(Stored items from a collection)
____________________

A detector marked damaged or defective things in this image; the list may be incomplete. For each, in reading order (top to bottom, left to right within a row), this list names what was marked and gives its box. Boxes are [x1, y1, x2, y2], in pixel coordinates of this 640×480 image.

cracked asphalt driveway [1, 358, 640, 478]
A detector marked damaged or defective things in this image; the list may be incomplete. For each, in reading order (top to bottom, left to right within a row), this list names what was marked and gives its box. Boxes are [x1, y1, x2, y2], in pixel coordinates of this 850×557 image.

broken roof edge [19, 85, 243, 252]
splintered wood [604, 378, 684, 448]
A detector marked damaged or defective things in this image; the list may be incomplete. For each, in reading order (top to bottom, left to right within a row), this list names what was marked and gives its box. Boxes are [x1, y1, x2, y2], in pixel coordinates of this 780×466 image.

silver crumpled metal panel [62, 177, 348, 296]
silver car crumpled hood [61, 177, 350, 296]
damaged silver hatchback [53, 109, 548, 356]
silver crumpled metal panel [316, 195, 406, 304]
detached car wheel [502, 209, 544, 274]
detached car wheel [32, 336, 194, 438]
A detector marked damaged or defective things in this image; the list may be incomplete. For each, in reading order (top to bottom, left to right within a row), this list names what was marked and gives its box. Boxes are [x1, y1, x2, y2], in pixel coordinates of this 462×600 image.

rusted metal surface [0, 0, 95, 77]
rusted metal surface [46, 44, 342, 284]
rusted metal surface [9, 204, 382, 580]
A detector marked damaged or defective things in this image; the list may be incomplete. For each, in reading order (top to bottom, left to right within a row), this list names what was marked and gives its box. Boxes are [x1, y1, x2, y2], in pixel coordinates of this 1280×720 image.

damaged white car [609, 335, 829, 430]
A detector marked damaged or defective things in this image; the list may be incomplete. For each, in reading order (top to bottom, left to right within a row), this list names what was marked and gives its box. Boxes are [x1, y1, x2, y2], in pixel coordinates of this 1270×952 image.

____________________

* Task requirements: Each line from the one with "this 850×557 image." through the end of the entries above must be set down exactly, both end lines included, and no other line may appear.

* Output for this exercise:
A detector marked damaged or defective things in this image; the list may be incomplete. For each, in reading order (top to bottom, left to right within a row), this list names what was marked and gives its box. Boxes are [x1, y1, x2, y2], in pixel coordinates of this 850×557 image.

broken roof edge [19, 85, 243, 252]
splintered wood [604, 378, 684, 448]
A detector marked damaged or defective things in this image; the list may be incomplete. For each, in reading order (top to bottom, left to right within a row), this list names what was marked and gives its box. Boxes are [x1, y1, x2, y2], in pixel coordinates of this 780×466 image.

silver crumpled metal panel [62, 177, 348, 296]
silver car crumpled hood [61, 177, 350, 296]
damaged silver hatchback [53, 109, 548, 356]
silver crumpled metal panel [316, 195, 406, 304]
detached car wheel [502, 209, 544, 274]
detached car wheel [32, 336, 194, 438]
A detector marked damaged or defective things in this image; the list may be incomplete. For each, in reading order (top to bottom, left to right within a row), this list names what was marked and gives its box. Boxes are [x1, y1, x2, y2], in pixel coordinates of this 462×600 image.

rusted metal surface [0, 0, 95, 77]
rusted metal surface [46, 44, 342, 284]
rusted metal surface [9, 204, 382, 580]
A detector marked damaged or defective things in this image; the list may be incomplete. For each, in reading order (top to bottom, left to right within a row), this list names what was marked and gives its box. Boxes are [x1, y1, x2, y2], in pixel coordinates of this 1280×720 image.

damaged white car [609, 335, 829, 430]
A detector marked damaged or defective things in this image; the list may be incomplete. For each, in reading order (top to bottom, left to right within a row), this list names what was marked and gives its box. Boxes are [x1, y1, x2, y2], in pixel coordinates of this 1270×952 image.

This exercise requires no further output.